You may say it is a noun just like in _avoir faim/soif_ but you can as well consider it an adverb as in _manger/servir/faire chaud_. (You don't "have/eat/serve heat," and "make heat" would be different as it would mean _faire/produire de la chaleur_, not _avoir chaud_.)

By the way, the noun _chaud_ does not translate as "heat" (= _chaleur_) but rather as "warmth" or "mild/high temperature."


----------



## Tazzler

What's to prevent it from having as many possible usages as possible? I took my cue from a French dictionary anyway. Heat, warmth, whatever the differences are, it was for illustration purposes.


----------



## bibibiben

Interestingly, Larousse says that _chaud_ in _avoir chaud_ is an adverb: http://www.larousse.fr/dictionnaires/francais/chaud/14943.


----------



## france88

Hi there

I have to explain to someone why the noun chaud/froid (e.g. 'elle a chaud', elle a soif etc) does not agree with the subject pronoun. I was wondering why this is the case? is it because it is a noun that it does not agree with the subject?

Merci beaucoup!


----------



## OLN

Hi and welcome, france88

_avoir_ means _have_, so there is no reason why _chaud_, which is a direct object and not an adjective, should agree. 

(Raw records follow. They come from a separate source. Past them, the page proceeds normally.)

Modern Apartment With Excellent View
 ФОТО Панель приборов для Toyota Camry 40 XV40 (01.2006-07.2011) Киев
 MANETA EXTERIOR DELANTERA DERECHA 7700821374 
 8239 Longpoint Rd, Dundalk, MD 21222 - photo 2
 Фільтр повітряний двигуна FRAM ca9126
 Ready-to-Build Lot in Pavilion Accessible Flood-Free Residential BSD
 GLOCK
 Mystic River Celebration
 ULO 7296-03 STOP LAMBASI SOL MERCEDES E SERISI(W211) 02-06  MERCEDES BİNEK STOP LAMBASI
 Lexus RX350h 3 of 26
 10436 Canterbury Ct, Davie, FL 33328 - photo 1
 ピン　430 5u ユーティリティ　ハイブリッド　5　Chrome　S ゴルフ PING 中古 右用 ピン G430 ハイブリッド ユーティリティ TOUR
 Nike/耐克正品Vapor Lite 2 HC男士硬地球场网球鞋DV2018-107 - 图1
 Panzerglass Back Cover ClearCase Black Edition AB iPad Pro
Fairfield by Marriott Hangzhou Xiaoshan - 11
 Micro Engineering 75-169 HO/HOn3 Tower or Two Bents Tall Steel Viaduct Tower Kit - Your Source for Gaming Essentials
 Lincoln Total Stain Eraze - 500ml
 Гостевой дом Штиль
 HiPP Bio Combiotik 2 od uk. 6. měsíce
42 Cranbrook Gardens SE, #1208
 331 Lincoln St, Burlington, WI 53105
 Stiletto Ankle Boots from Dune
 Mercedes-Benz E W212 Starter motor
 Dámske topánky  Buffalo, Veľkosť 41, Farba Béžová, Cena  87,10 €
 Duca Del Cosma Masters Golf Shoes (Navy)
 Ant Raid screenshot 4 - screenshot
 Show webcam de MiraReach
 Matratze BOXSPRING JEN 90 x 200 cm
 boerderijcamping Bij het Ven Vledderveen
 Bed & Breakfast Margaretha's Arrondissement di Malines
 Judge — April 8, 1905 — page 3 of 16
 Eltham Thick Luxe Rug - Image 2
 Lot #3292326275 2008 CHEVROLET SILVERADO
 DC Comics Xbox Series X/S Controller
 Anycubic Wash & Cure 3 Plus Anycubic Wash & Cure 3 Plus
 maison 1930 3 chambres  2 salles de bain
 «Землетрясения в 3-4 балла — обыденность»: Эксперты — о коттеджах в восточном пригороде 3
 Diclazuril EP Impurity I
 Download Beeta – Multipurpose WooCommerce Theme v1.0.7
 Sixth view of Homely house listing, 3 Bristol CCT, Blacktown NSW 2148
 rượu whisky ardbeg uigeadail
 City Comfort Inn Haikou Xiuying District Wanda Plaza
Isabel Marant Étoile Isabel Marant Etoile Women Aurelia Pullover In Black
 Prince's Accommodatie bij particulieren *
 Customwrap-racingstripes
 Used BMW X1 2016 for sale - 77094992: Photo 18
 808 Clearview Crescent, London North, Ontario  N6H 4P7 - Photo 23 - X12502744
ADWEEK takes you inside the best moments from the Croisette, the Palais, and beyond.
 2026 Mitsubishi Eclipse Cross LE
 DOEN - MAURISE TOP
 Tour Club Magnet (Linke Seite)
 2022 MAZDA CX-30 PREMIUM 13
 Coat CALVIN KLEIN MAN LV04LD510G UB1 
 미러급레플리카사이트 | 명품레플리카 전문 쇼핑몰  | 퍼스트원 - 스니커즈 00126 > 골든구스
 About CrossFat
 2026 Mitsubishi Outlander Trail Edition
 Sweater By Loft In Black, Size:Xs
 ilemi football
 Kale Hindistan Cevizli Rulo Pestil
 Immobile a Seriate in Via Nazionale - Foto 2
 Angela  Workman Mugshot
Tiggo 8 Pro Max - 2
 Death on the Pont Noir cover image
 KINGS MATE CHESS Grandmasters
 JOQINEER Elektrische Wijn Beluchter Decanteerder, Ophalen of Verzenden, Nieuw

ils ont froid, peur, chaud, faim, soif, raison, tort, etc.


----------



## Gotsch

Consider it as if you were saying "She's got a phone" = "Elle a un téléphone"
Phone is used with "have", which means *it's not the verb* "to phone" *but the noun* "a phone".
_Elle a chaud_ is not considered as a physical state, but as something she's got.* Remember "chaud" is not an adjective since it's used with the verb avoir *


----------



## Wildcat1

OLN said:


> _... chaud_, which is a direct object and not an adjective





Gotsch said:


> _Elle a chaud_ is not considered as a physical state, but as something she's got.* Remember "chaud" is not an adjective since it's used with the verb avoir *


Correct, but in matters of language use this sort of logic goes only so far.  After all, we say "Elle a très chaud" (like "Elle *est *très *belle*"), not "Elle a beaucoup de chaud" (like "Elle *a* beaucoup d'*argent*").


----------



## france88

Hey there

But if it was a noun, cant nouns agree with their subject? (elle est une fille- fille is feminine). I am a little confused with the outpour of responses, is 'chaud' a noun or adverb?

Merci Beaucoup


----------



## CapnPrep

france88 said:


> But if it was a noun, cant nouns agree with their subject? (elle est une fille- fille is feminine).


They _can_, sometimes, when the verb is _être_ (or _devenir_, or something like that), but not with _avoir_, as OLN explained above in #10. You don't expect there to be agreement in _Elle a un fils_, right?


----------